Pemerintah menolak memberikan kewarganegaraan kepada orang Rohingya, dan akibatnya sebagian besar anggota kelompok tersebut tidak memiliki dokumentasi hukum, yang secara efektif membuat mereka tidak memiliki kewarganegaraan. Undang-undang kewarganegaraan Myanmar 1948 sudah masukkan mereka sebagai warga negara, tapi junta militer, yang merebut kekuasaan pada tahun 1962, memperkenalkan sebuah undang-undang yang melucuti  etnis Rohingya untuk mendapatkan kewarganegaraan penuh. Sampai saat ini, Rohingya hanya bisa mendaftar sebagai penghuni sementara dengan kartu identitas, yang dikenal sebagai kartu putih, sehingga junta mulai mengeluarkan banyak Muslim, baik Rohingya maupun non-Rohingya, pada 1990-an. Kartu putih memberi  hak terbatas namun tidak berlaku sebagai bukti kewarganegaraan. Meski begitu, Lewa mengatakan bahwa mereka memberikan beberapa pengakuan untuk tinggal sementara bagi Rohingya di Myanmar.
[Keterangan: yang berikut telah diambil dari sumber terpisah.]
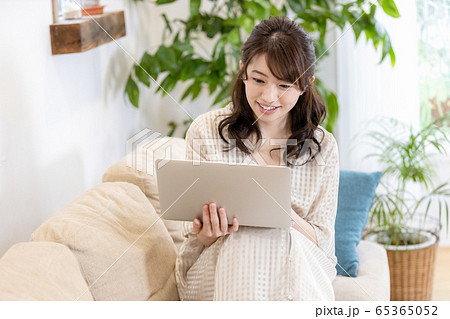 女性　ノートパソコン　自宅　リビングルーム 65365052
Pada tahun 2014 pemerintah mengadakan sensus nasional yang didukung oleh PBB , yang pertama dalam tiga puluh tahun. Kelompok minoritas Muslim pada awalnya diizinkan untuk mengidentifikasi sebagai Rohingya, namun setelah nasionalis Buddhis mengancam untuk memboikot sensus tersebut, pemerintah memutuskan bahwa Rohingya hanya dapat mendaftar jika mereka mengidentifikasi orang Bengali.

Demikian pula, di bawah tekanan dari nasionalis Buddhis yang memprotes hak Rohingya untuk memilih dalam referendum konstitusional 2015, maka Presiden Thein Sein membatalkan kartu identitas sementara pada bulan Februari 2015 yang secara efektif mencabut hak yang baru mereka dapatkan untuk memilih. (Pemegang kartu putih diizinkan untuk memilih dalam referendum konstitusional Myanmar tahun 2008 dan pemilihan umum 2010.) Pada pemilihan 2015, yang dipuji secara luas oleh pemantau internasional sebagai pemilu yang bebas dan adil, tidak ada kandidat parlemen yang beragama Islam. " Sentimen anti-Muslim di seluruh negara  membuat pemerintah sulit untuk mengambil langkah-langkah yang dianggap mendukung hak-hak Muslim," tulis International Crisis Group.


Minoritas Muslim terus "mengkonsolidasikan di bawah satu identitas Rohingya," kata Lewa, terlepas dari berbagai catatan oleh kelompok hak asasi manusia dan periset tentang pencabutan hak asasi manusia , kekerasan, dan contoh kampanye anti-Muslim yang sistematis.